This transparency improves the relationship between both parties: banks can tailor their offering to increase the customer’s chances of success, while companies can set targets and, by meeting them, earn the bank’s trust. Indeed, banks can also use this data to create incentives that reward customers who meet their targets ahead of schedule. Having better information about the companies in their lending and investment portfolios also helps banks manage their own transition by anticipating and minimising any risks – a vital step in preventing future financial crises.
More funding
Thanks to EU rules, Europe is leading the way in raising funds for the green transition. Today, the EU is leading the way in green bonds, helping governments raise €266 billion in 2022, more than three times the €85 billion raised in 2019. European companies, meanwhile, have more than doubled their green bond issuance since 2019. Sustainable finance is now one of the fastest-growing asset classes in Europe.

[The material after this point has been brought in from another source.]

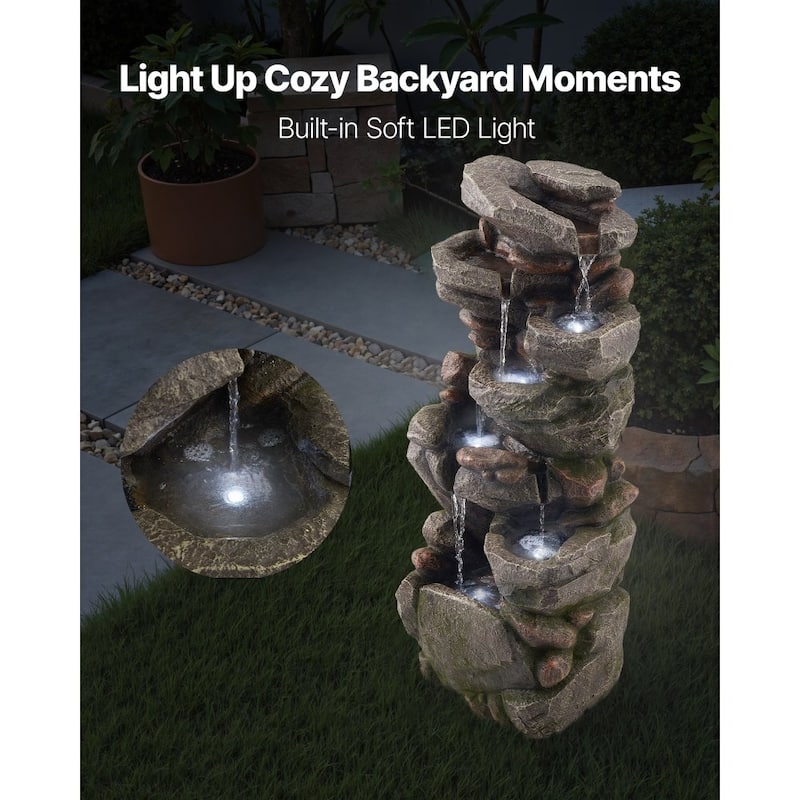 7-Tier Rock Style Yard Fountain with Soothing Water Sounds and LED Lights for Patio Decor - 14.96 x 11.42 x 38.98 in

Even SMEs, which are outside the main focus of these green rules, can benefit from them: around 10% of EU SMEs have taken out sustainable loans, a figure that is likely to increase when the simplified tools being developed for them are made available to them. Whether you run a large or small company, European rules are creating new ways to finance your business. We must now increase that support, especially for SMEs, which are the backbone of the European economy.
We must continue working
Before the EU regulations, investors were navigating a sea of greenwashed products. This deprived them of the confidence to invest, which in turn deprived companies of funding. After six years of hard work, investors have more and more information about green stocks, funds and other products, while companies have many more ways to attract the funding they need to innovate and become more competitive.
The foundations for the sustainable finance agenda have been laid. The next European Commission must simplify the use of these rules and work with businesses, especially SMEs, to increase their use of the financing tools at their disposal.
There is a wave of green investment waiting to be unleashed into our economy if we continue to build a robust sustainable finance agenda. Let us not miss this opportunity.